Multi-Use auf ganzer Länge
Wie das Architekturbüro RKW die Theodor-Heuss-Brücke in Düsseldorf durch einen wahren Multifunktions-Neubau ersetzen will – und damit die Silhouette der Stadt neu prägen würde.
Öffentliche Bauprojekte in einer gewissen Preisklasse sorgen gewöhnlich für Diskussionsbedarf in der Bevölkerung.
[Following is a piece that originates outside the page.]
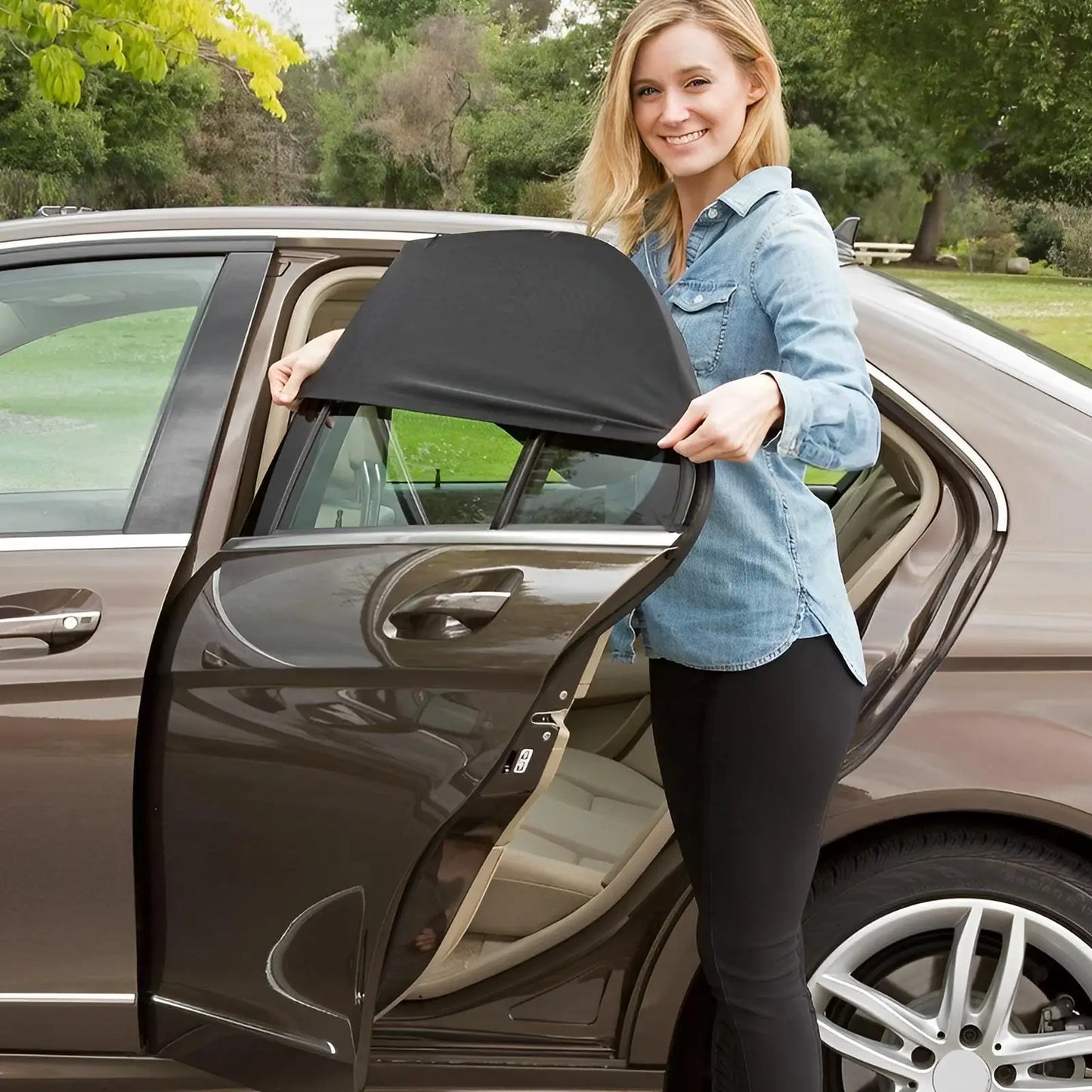 Car Window Sunshade Mesh Curtain – UV Protection (1 Pair)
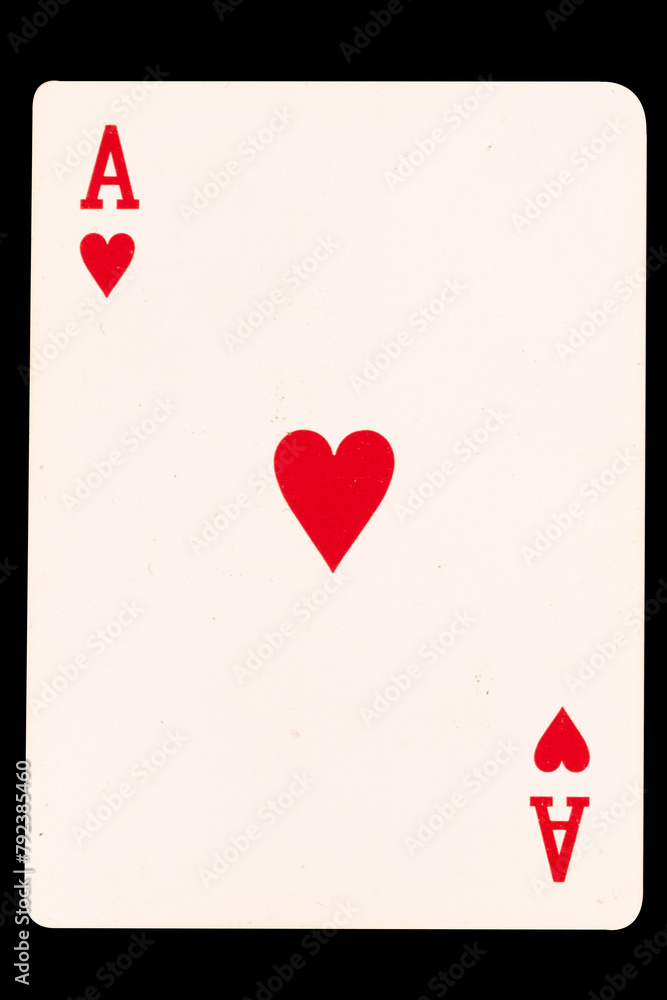 Obraz premium card gambling A one heart isolated on white background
Wem nun die Hamburger Elbphilharmonie in den Kopf schießt, darf in Zukunft wohl an die „Green Bridge“ in Düsseldorf denken – denn ein spektakulärer Neuentwurf der großen Theodor-Heuss-Rheinbrücke stellt gerade alles bisher Dagewesene in den Schatten. Nicht nur soll das Projekt 700 Millionen Euro kosten, es geht auch über die Funktion und Nutzung einer herkömmlichen Brücke deutlich hinaus: Innovationskraft und Skepsis treffen aufeinander, obwohl der Handlungsbedarf laut Vertreter*innen der Stadt unumstritten ist.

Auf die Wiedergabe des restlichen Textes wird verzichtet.